I used to use that Galaxy simulator your using, its several years old. I tried to remember how to get to out solar system from any position in the known galaxy.
Its not really designed to give a true perspective of the points themselves, but the relativity of the objects to one another, its rather weak in terms of actual detail of any given object.
Your assuming the moon should shade like a painting. This is incorrect. I had to explain this issue with the Turks maintaining Roman Mosaics, everyone was flipping out about two months ago when pictures were linked to the press in the middle of restoration:

Our sense of “aesthetics” has evolved over time, the restored version is to the right, the “older” is to the left. What the Turks primarily did was lift the alterations the French added in the 19th century, its smoothness and gloss, the shading and form lines. The end result looks hideous in comparison, but its closer to the truth. A lot closer to how we actually look honestly as well.
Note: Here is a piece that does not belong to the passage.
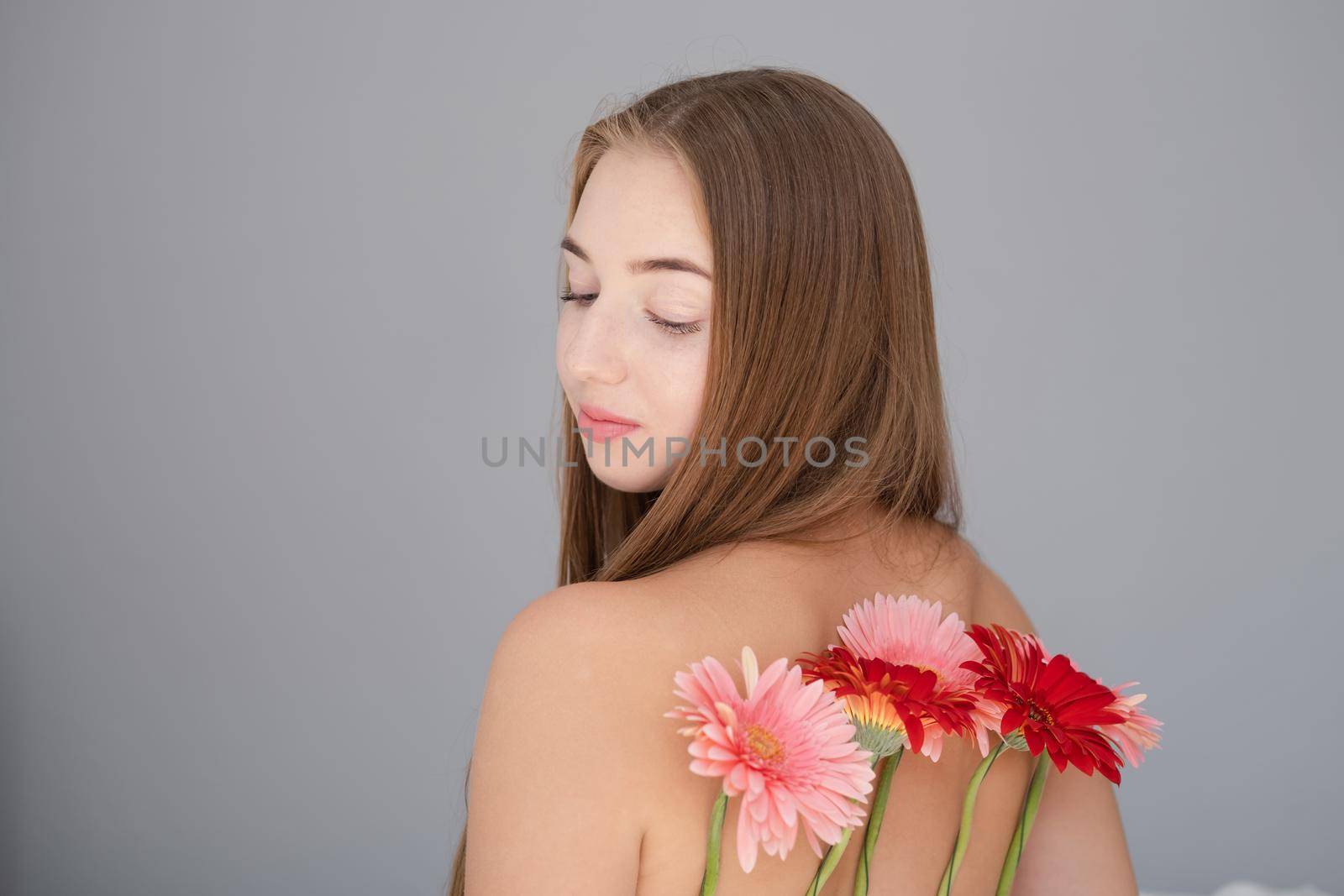 Portrait of pretty young woman with pink and red chrysanthemum flowers by oliavesna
It doesn’t occur to us how much emphasis on artifice underlines our naturalistic drawing methods. When you look at modern CGI formulas, regarding the complicity that goes into actual formulas to mimick “real things”, how hard it was to get the setting sun, or water, just how many failures of assumption underline the whole mess of presumptions we inherited from more orthodox assumptions about art, to make something fake real, you begin to suspect what has really been going on in art all along. Just how real are our realistic drawings? Are they accurate, or a exaggeration beyond nature… a emphasis on the complexities of light, shadow, and form never quite present in actual interactions with grapes and apples in a bowl?
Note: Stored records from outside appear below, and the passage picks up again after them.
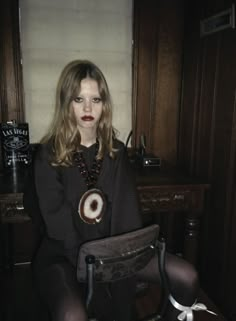 a woman sitting on top of a chair in front of a desk with a clock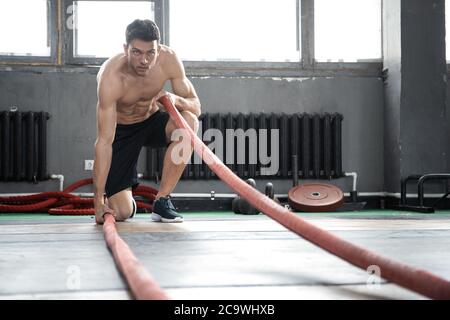 Athletischen jungen Mann mit Schlacht Seil, Übung in Functional Training Fitness Gym. Stockfoto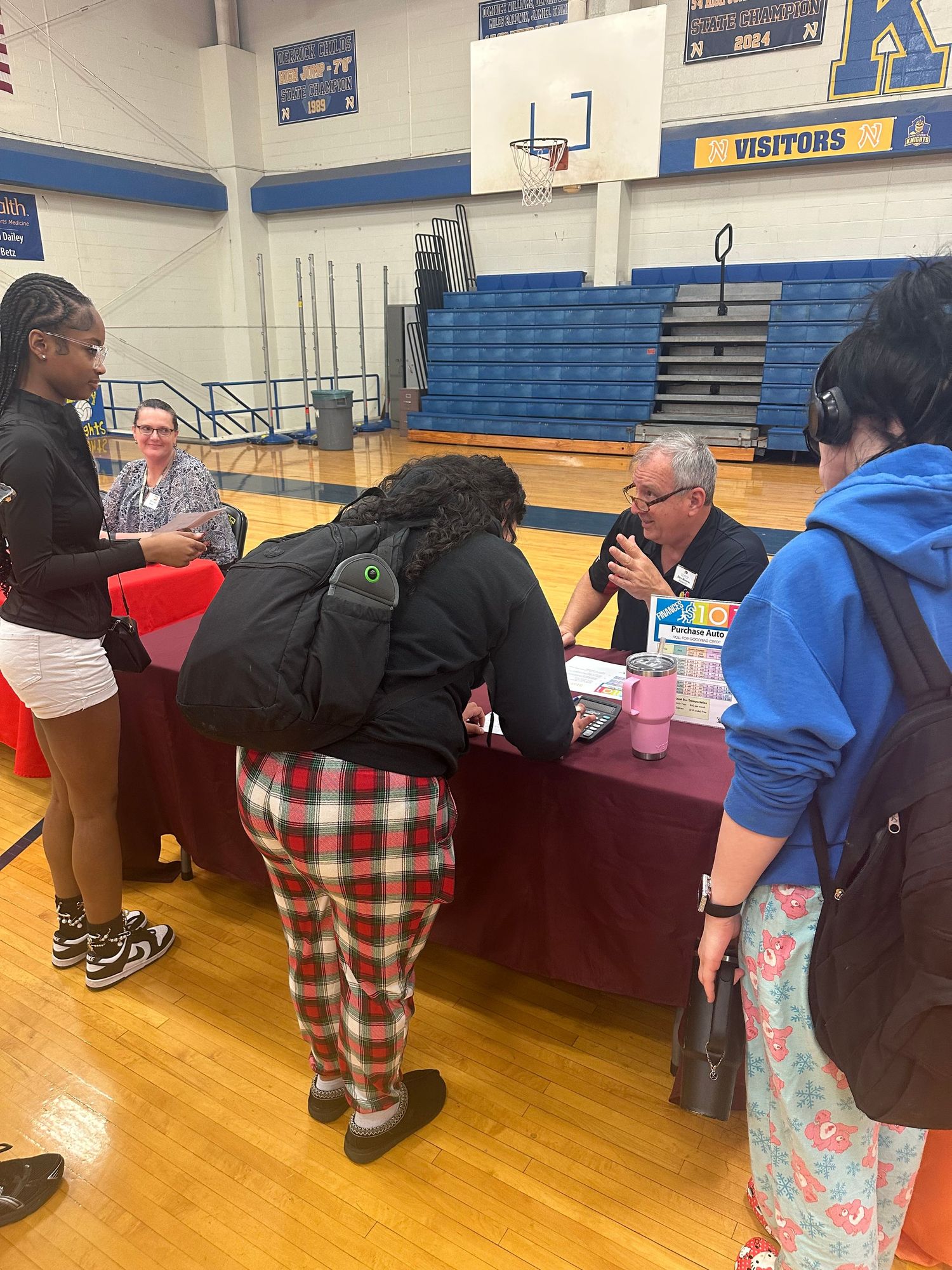 Students interact with a representative at a college fair table inside a school gymnasium.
The craft has become so absurd that the artist of such drawings are judged categorically by stock emphasis of effects, and not on the transient dullness which is more accurate of the vast majority of things beheld.
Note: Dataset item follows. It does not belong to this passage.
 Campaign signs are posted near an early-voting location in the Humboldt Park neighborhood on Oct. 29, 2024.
Take the reverse of a natural object to be drawn… a face. Why is the Mona Lisa so famous? Leonardo worked on it tirelessly, constantly tweaking it. It has countless modifications in conflict in it from its stasis, different opinions from different points in time that he thought her look should be. So it is many things. A woman’s face is by its nature something to be looked at, studied, interacted with. Constant interplay between the male observer and female observed. All those different, incongruent adjustments causes a constant reorientation and rereading. It seems intelligent, interactive. Its a off balanced mass on the whole.
Painting a object in stasis lacks this. A shaded ball isn’t nearly as important as a woman’s face as far as studious observation is concerned.
The western mark for mimesis is thought to be higher than that of the traditional Chinese schools, but I think they equally exaggerate their emphasis on rules on what the stock elements of their art should be.
Hold a ball up to the sun, and see if you can find a spot where it sits equally in the light as the moon does from your perspective.
Yes, you notice shade NOW, but is it nearly as shaded as a artist would shade it? No.
Heraclitus was asked what the size of the sun was. He leaned back, raised up his leg, and said it was about the size of his foot.